🤖 AI Summary
In contact-rich and exploration-challenging robotic tasks, reinforcement learning often suffers from numerous short-sighted failure trajectories caused by frequent early collisions or falls, which hinder policy convergence and long-term exploration. To address this issue, this work proposes Failure Episodic Memory Alert (FEMA), a novel approach that, for the first time, integrates an episodic memory-based mechanism for storing and retrieving failure experiences into model-free reinforcement learning. FEMA explicitly prevents the policy from revisiting unstable states, thereby guiding learning toward high-reward trajectories. The method seamlessly integrates with algorithms such as PPO and supports parallelized training. Empirical evaluations on MuJoCo benchmarks demonstrate an average improvement of 33.11% in sample efficiency, and real-world experiments on a bipedal robot further validate its effectiveness.
📝 Abstract
Reinforcement learning has achieved remarkable success in robot learning.

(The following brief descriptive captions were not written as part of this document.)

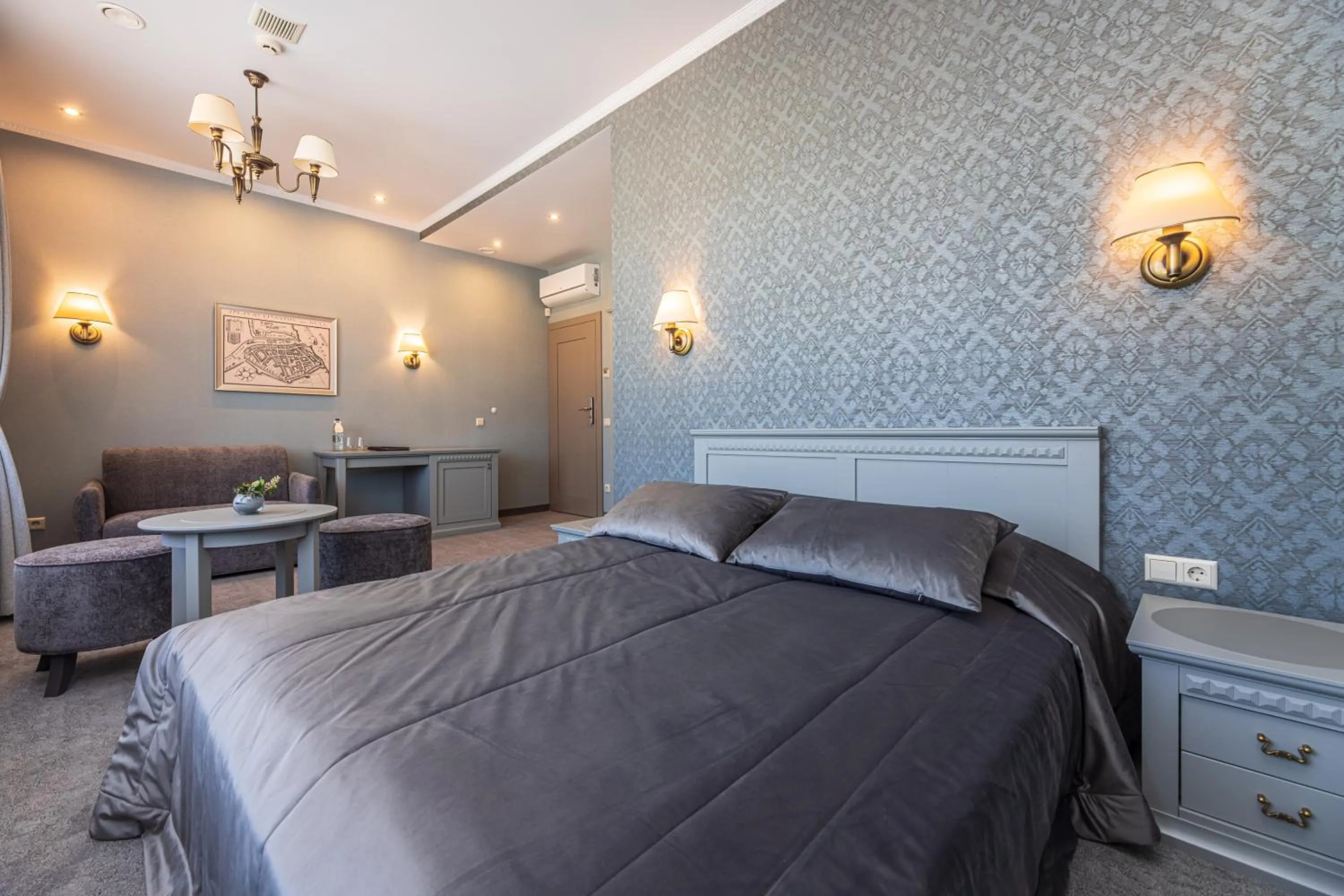 Bed in Senoji Hansa Hotel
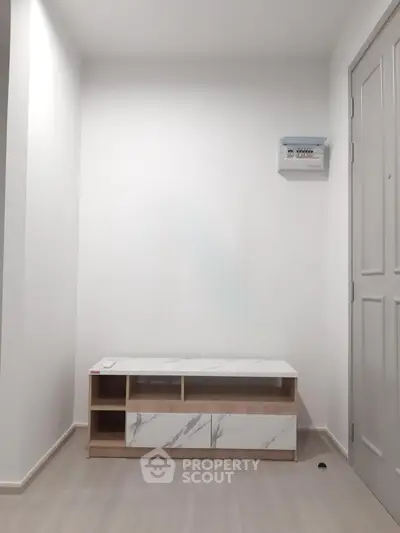 Minimalist interior with modern cabinet and neutral tones, perfect for contemporary living spaces.
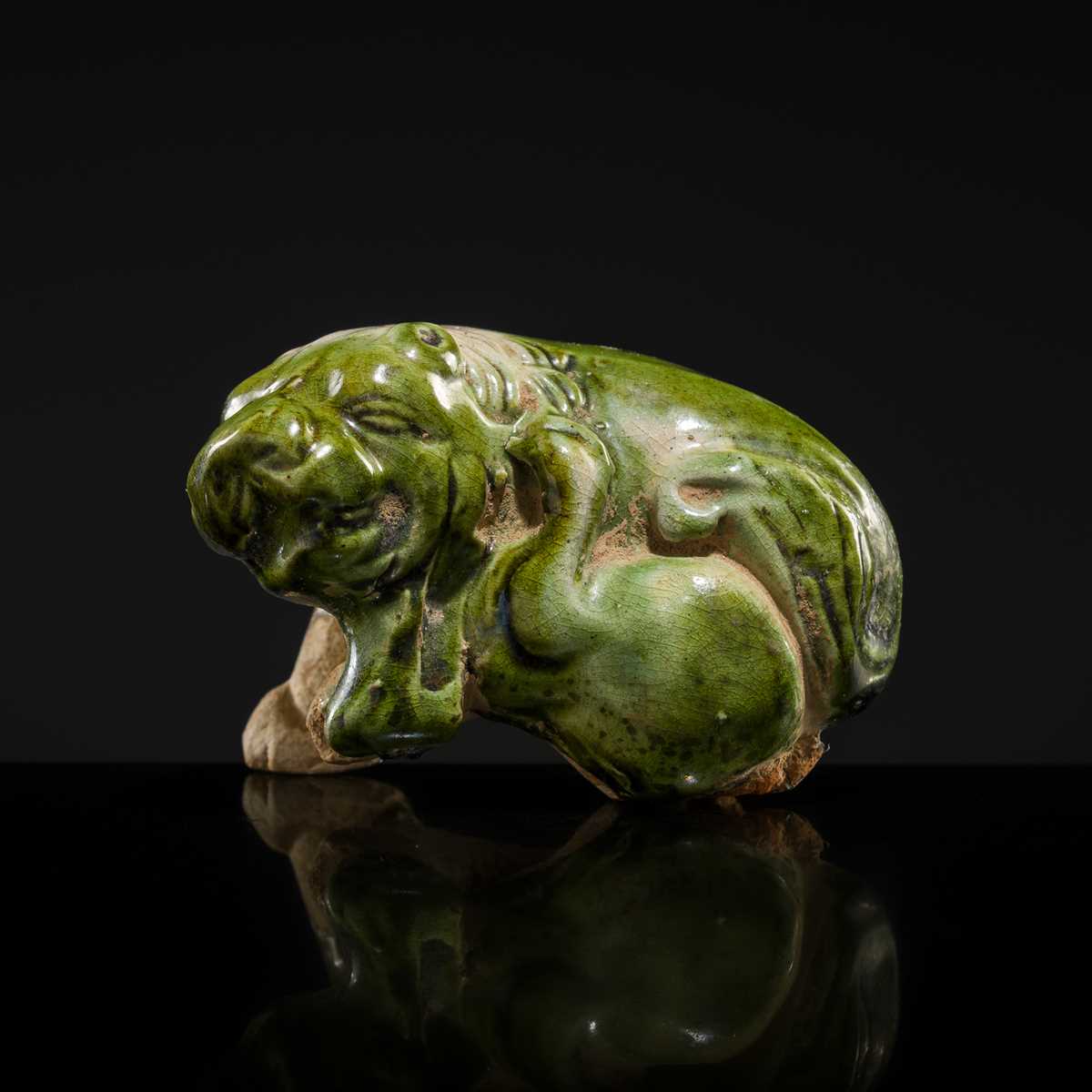 Lot 43 - A GREEN AND WHITE GLAZED POTTERY FIGURE OF A LION SCRATCHING ITSELF, TANG DYNASTY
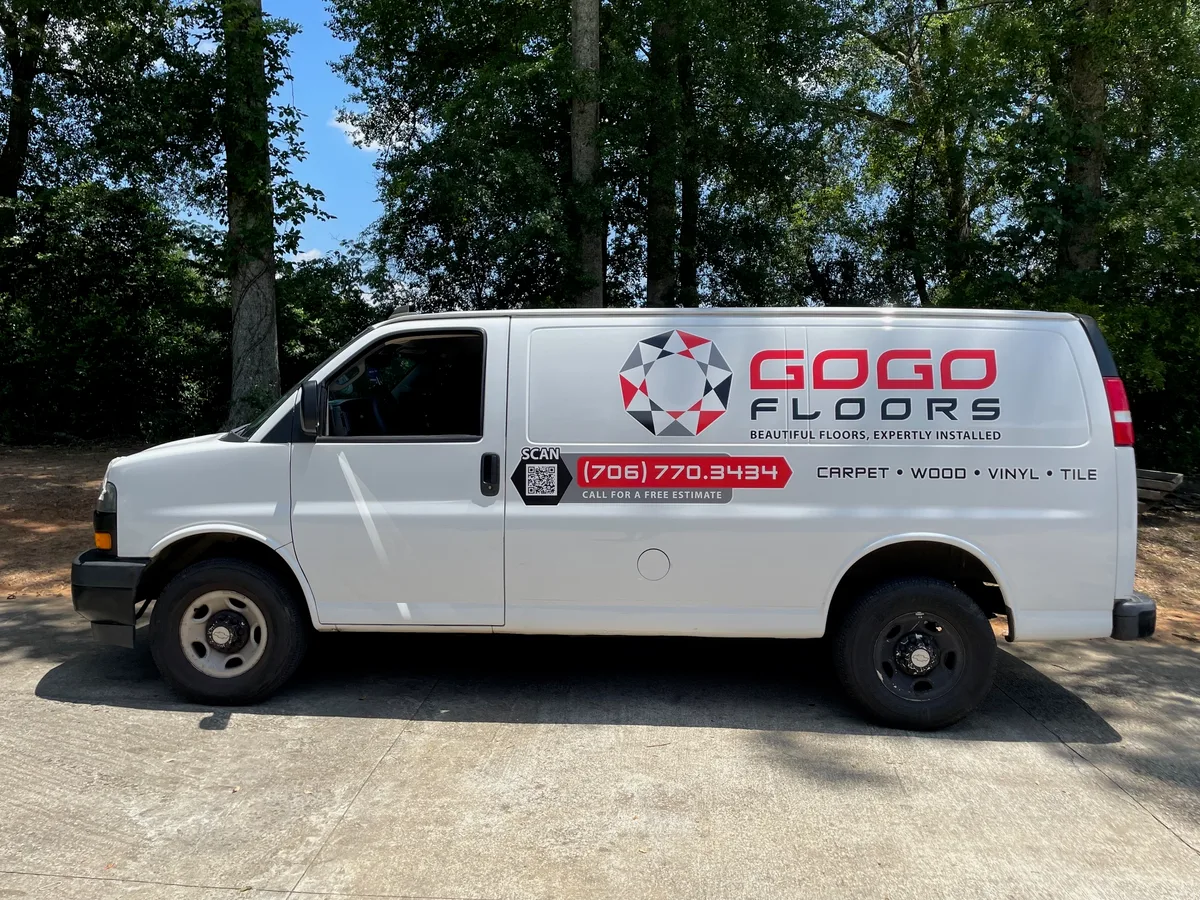 Spot graphics on a Chevrolet Express van in Columbus, GA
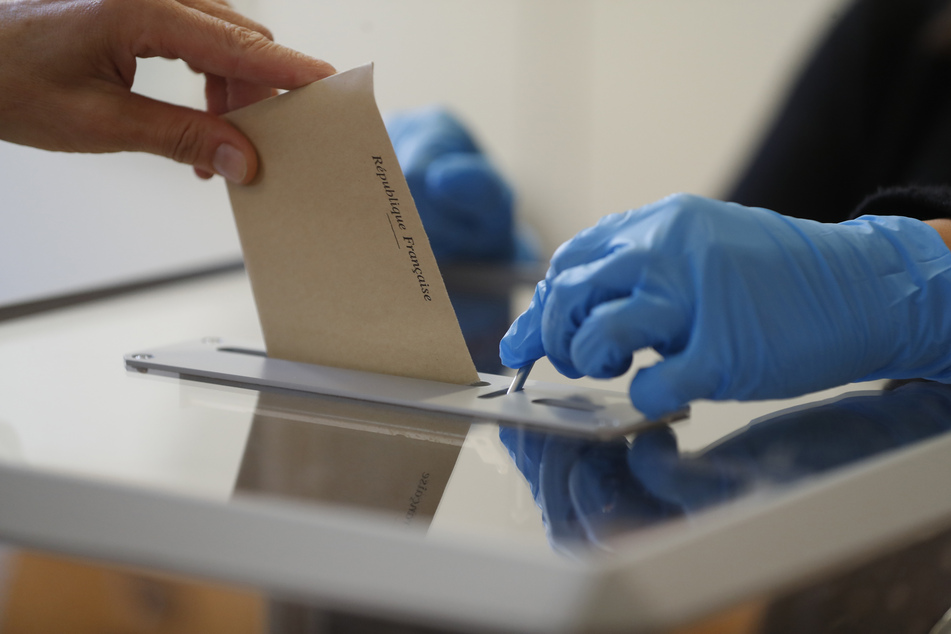 Ein Wahlhelfer mit Schutzhandschuhen öffnet die Wahlurne für eine Abstimmung während des ersten Wahldurchgangs der Kommunalwahlen.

However, under challenging exploration and contact-rich dynamics, early-stage training is frequently dominated by premature terminations such as collisions and falls. As a result, learning is overwhelmed by short-horizon, low-return trajectories, which hinder convergence and limit long-horizon exploration. To alleviate this issue, we propose a technique called Failure Episodic Memory Alert (FEMA). FEMA explicitly stores short-horizon failure experiences through an episodic memory module. During interactions, it retrieves similar failure experiences and prevents the robot from recurrently relapsing into unstable states, guiding the policy toward long-horizon trajectories with greater long-term value. FEMA can be combined easily with model-free reinforcement learning algorithms, and yields a substantial sample-efficiency improvement of 33.11% on MuJoCo tasks across several classical RL algorithms. Furthermore, integrating FEMA into a parallelized PPO training pipeline demonstrates its effectiveness on a real-world bipedal robot task.